Using the records below, write out only the lines from the line containing "Top de bikini triangular camel" up to and including the line containing "Antigripal Sensibit D NF 12 Tabletas", exactly, with no pictures.

Start of Task material

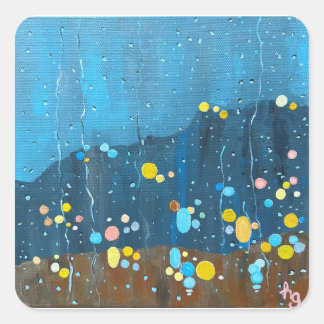 Abstract Rain Painting Square Sticker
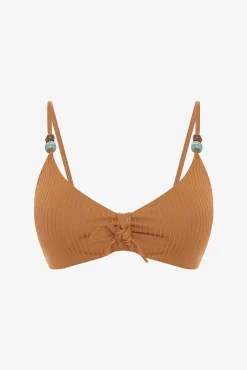 Top de bikini triangular camel
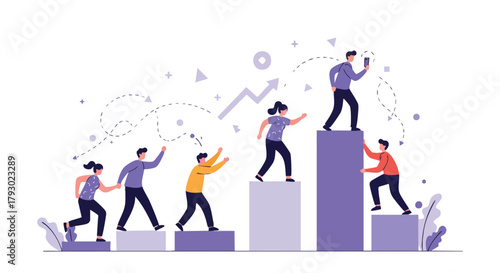 Team members collaborating to climb a career ladder towards success and digital achievement representing business growth and collective advancement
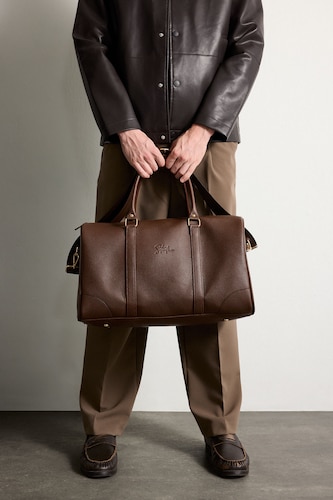 Men Brown Faux Leather Sports And Travel Bag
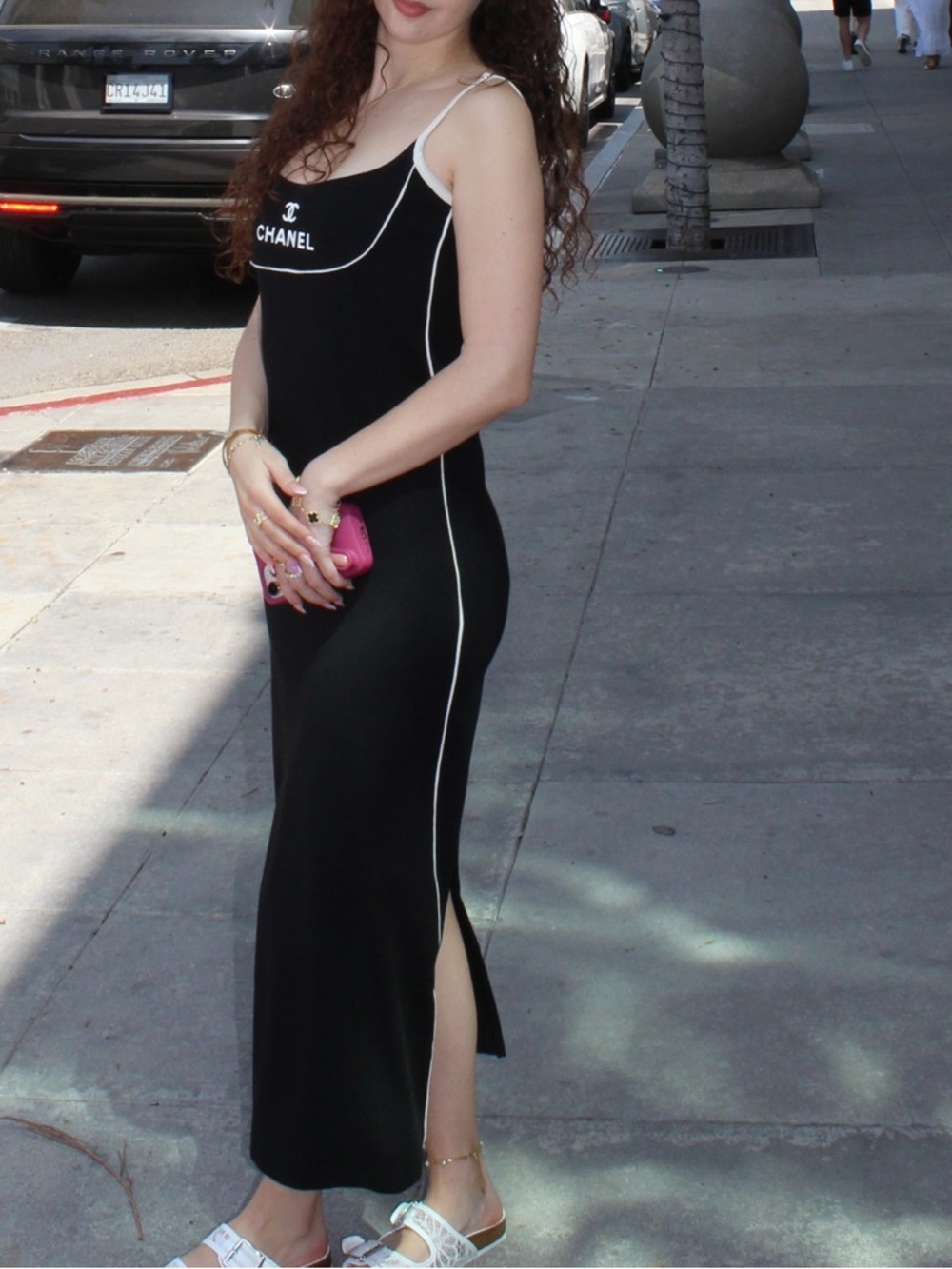 CHANEL Black Slip Dress with White Trim - Picture 3 of 3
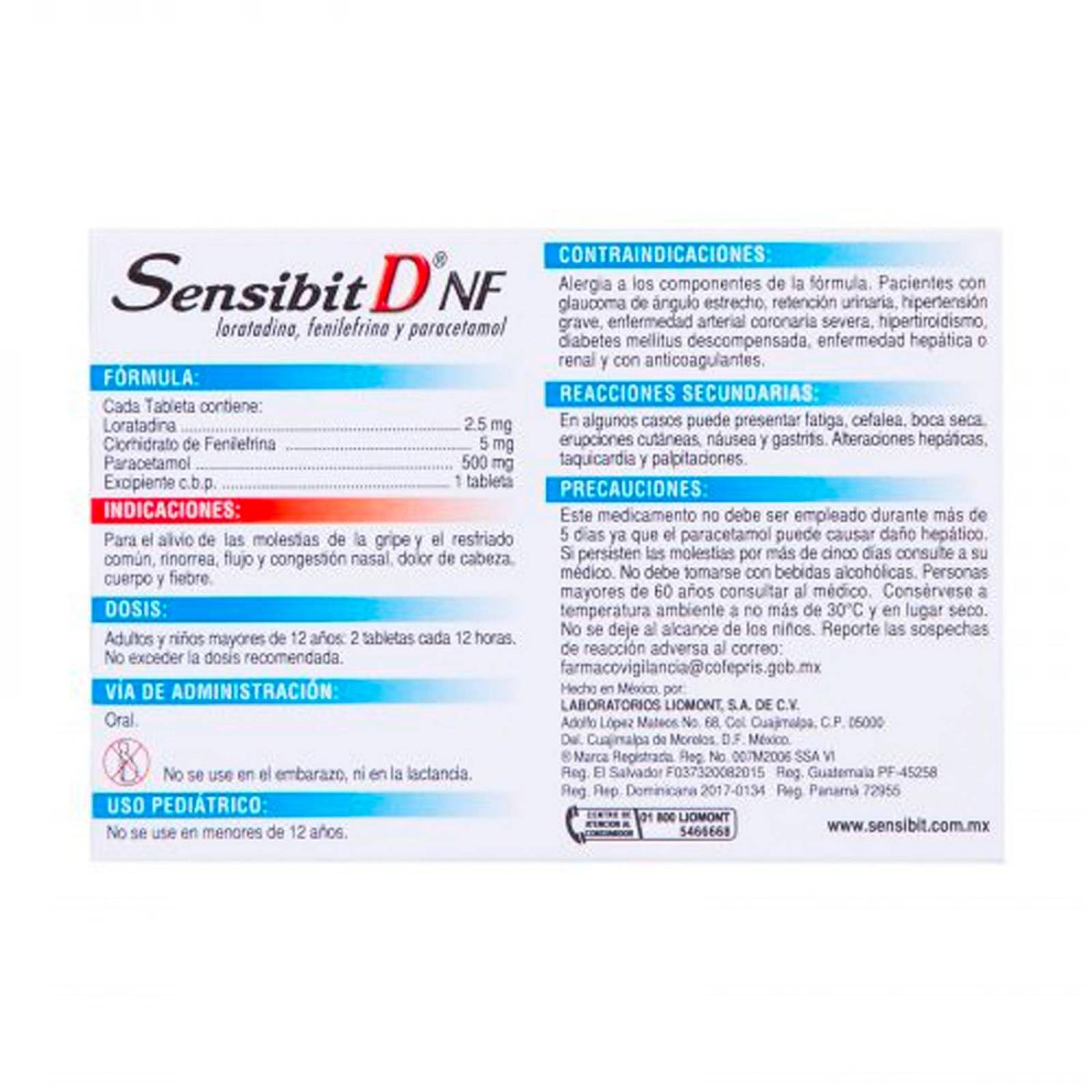 Antigripal Sensibit D NF 12 Tabletas 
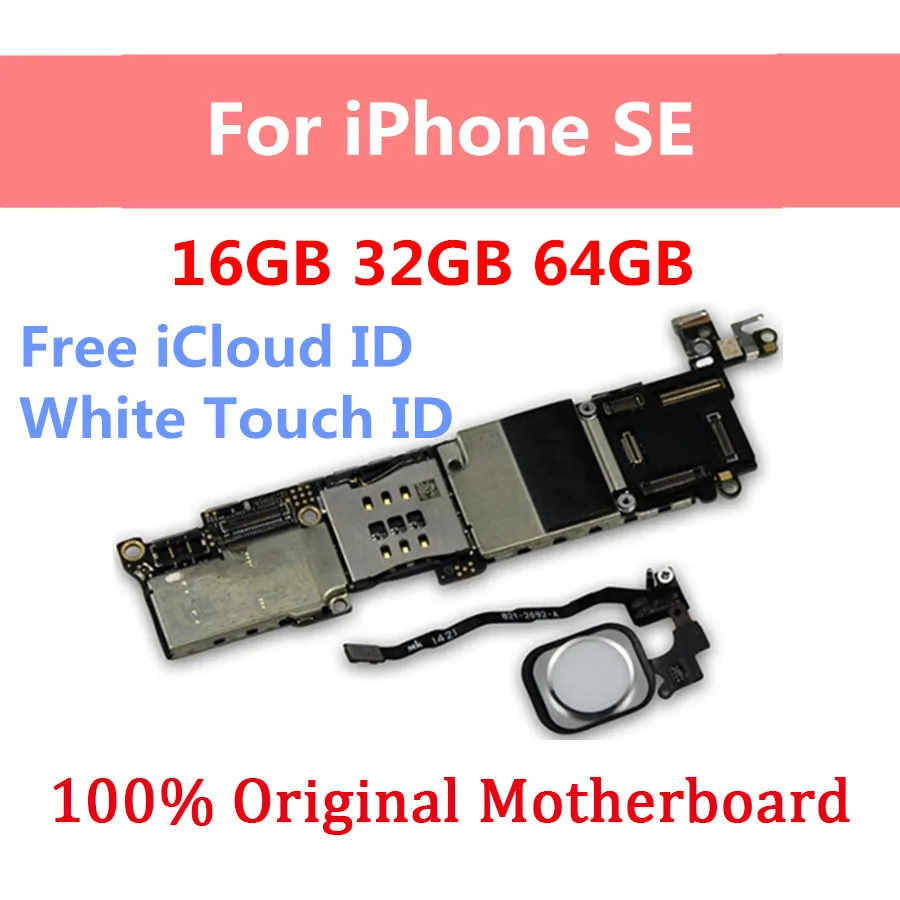 Заводская Разблокировка для iphone SE материнская плата для iphone SE с сенсорным ID логическая плата с чипами оригинальная разблокированная 16 ГБ 32 ГБ 64 ГБ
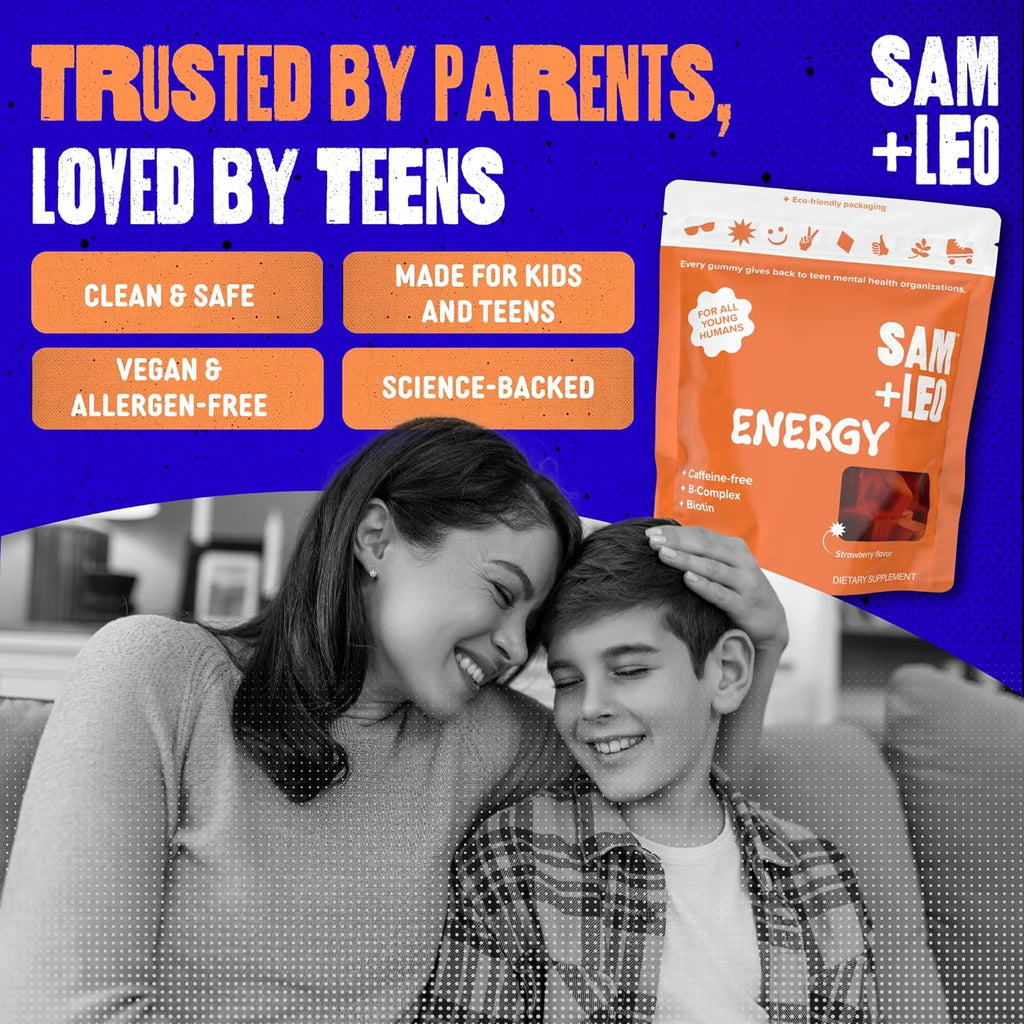 SAM+LEO Energy Gummies – Caffeine-Free B-Complex with Biotin – Daily Vegan Energy Support for Kids, Teens & Young Adults – Strawberry Flavor, 60 Gummies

End of Task material

▶ [Completed exercise]
 Top de bikini triangular camel
 Team members collaborating to climb a career ladder towards success and digital achievement representing business growth and collective advancement
 Men Brown Faux Leather Sports And Travel Bag
 CHANEL Black Slip Dress with White Trim - Picture 3 of 3
 Antigripal Sensibit D NF 12 Tabletas 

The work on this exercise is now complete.